I am new to the forum, as of today and I wanted to get some information/advice from those of you who are already living in the UAE.

I have been wanting to move there for quite some time now. I am an American citizen, however I grew up in Saudi Arabia. So I have a pretty good idea about the culture and way of life and basically how things work, granted its been years since I have been there.

What I am having difficulty understanding is this. Are there better companies to work for than others? Who are some of the better recruiters, and does it matter where you are based(coming from). What I mean by that is should some one from the US use "said" recruiter because that recruiter specializes in US folks? I see a lot of jobs available, however with a family I have to find a company that will help in making the transition for my family relatively smooth. By that I mean air fair, living arrangements and so on. Or is it safe to assume that most companies hiring expats do this by default?

I guess it would help to say what I do, yeah?

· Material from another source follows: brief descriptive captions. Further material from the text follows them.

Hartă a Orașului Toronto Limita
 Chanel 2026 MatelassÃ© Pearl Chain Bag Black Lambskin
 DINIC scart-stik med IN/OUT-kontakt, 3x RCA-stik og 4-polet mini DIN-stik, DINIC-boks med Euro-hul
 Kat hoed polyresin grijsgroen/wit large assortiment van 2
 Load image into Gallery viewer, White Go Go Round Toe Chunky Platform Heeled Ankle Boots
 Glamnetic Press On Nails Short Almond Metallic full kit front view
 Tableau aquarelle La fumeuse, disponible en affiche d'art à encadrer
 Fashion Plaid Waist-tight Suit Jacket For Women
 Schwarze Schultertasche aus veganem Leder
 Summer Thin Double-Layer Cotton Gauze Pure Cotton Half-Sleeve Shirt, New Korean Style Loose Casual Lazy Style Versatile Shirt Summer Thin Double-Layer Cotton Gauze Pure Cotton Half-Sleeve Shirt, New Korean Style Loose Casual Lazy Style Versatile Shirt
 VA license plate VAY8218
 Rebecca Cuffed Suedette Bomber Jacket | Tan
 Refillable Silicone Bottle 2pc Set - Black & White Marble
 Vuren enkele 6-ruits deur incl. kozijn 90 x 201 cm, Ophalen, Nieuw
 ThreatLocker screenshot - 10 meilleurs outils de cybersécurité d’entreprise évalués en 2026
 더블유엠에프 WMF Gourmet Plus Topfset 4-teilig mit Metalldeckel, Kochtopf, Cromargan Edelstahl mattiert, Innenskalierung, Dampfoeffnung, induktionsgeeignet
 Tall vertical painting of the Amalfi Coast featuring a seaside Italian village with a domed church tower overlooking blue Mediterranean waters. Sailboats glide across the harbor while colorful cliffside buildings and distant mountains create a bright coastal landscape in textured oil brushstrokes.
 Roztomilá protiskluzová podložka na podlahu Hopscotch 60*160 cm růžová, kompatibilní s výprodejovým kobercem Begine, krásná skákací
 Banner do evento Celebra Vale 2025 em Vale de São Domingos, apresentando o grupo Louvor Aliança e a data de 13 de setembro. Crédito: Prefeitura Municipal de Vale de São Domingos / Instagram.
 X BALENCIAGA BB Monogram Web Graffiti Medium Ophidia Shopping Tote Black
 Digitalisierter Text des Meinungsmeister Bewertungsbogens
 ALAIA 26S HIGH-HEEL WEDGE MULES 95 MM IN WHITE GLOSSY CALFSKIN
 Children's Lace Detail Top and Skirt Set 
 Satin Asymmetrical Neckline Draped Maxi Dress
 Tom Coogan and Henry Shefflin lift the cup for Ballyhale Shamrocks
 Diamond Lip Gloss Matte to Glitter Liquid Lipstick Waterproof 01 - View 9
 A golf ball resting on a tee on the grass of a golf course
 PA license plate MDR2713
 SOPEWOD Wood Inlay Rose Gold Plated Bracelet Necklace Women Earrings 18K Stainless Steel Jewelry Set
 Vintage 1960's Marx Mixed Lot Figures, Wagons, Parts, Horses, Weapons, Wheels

I am in IT and have a System Analyst back ground with heavy Unix/Linux experience.

I want to move there for two reason primarily.
1. Its the region in which I grew up in...and I loved it!
2. I want my family to know how wonderful it is to live there and to understand that America (although a really great place) is not the only place on earth to have a good life.

So any help or advice you could provide would be greatly appreciated. 

Cheers!


----------